SUPPLIED INFORMATION

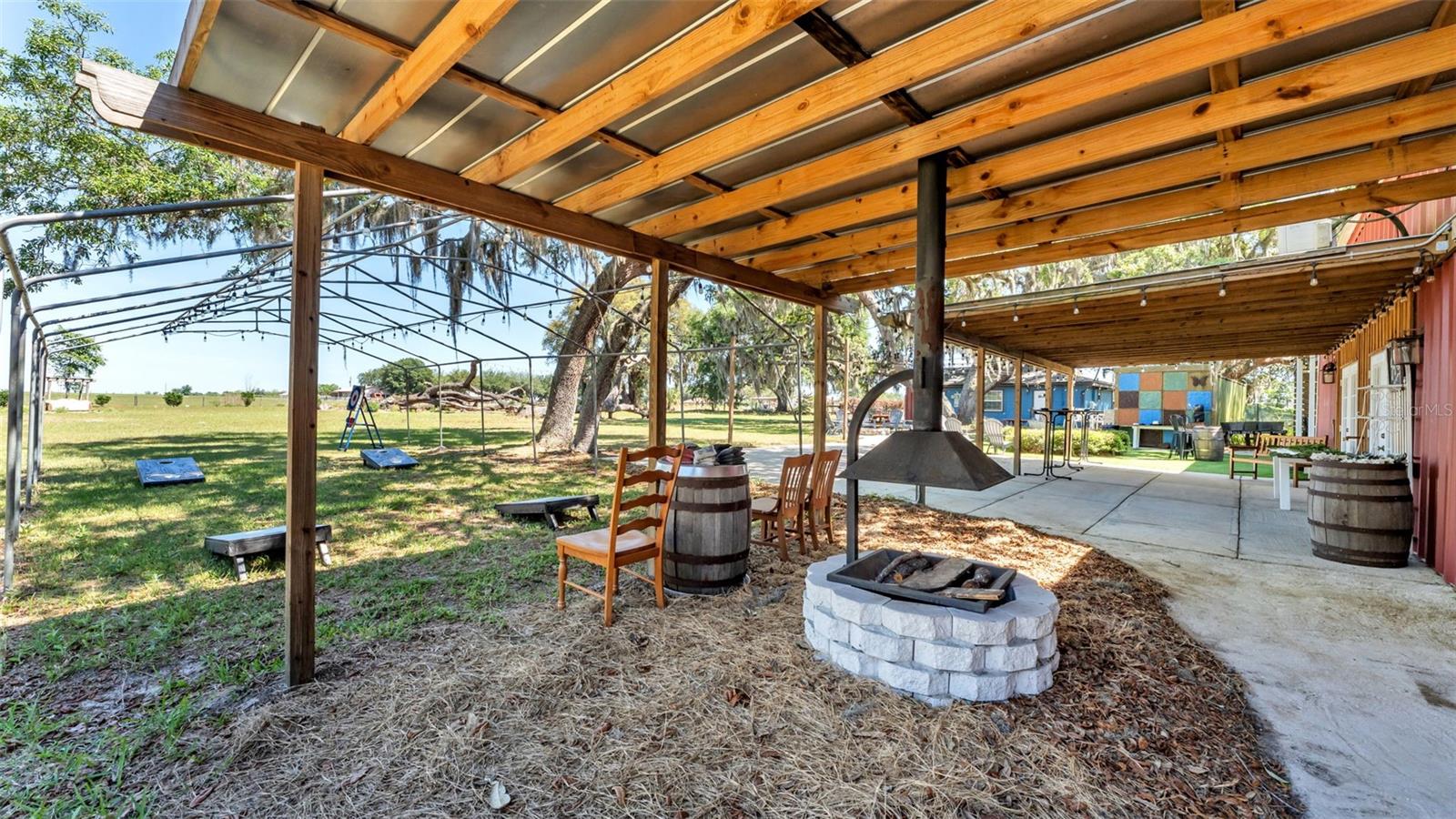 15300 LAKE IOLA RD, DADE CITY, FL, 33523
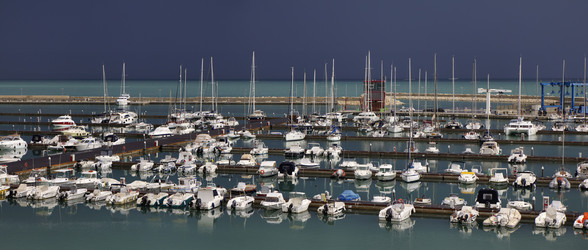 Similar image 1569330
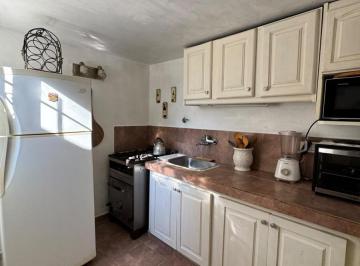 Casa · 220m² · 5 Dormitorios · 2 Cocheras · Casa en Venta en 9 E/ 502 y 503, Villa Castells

TASK DESCRIPTION
Starting from the line that has "Similar image 1569330" and ending at the last line of the material above, every line should be output exactly; pictures are dropped and nothing else appears.

RESULT FOR THIS EXERCISE
 Similar image 1569330
 Casa · 220m² · 5 Dormitorios · 2 Cocheras · Casa en Venta en 9 E/ 502 y 503, Villa Castells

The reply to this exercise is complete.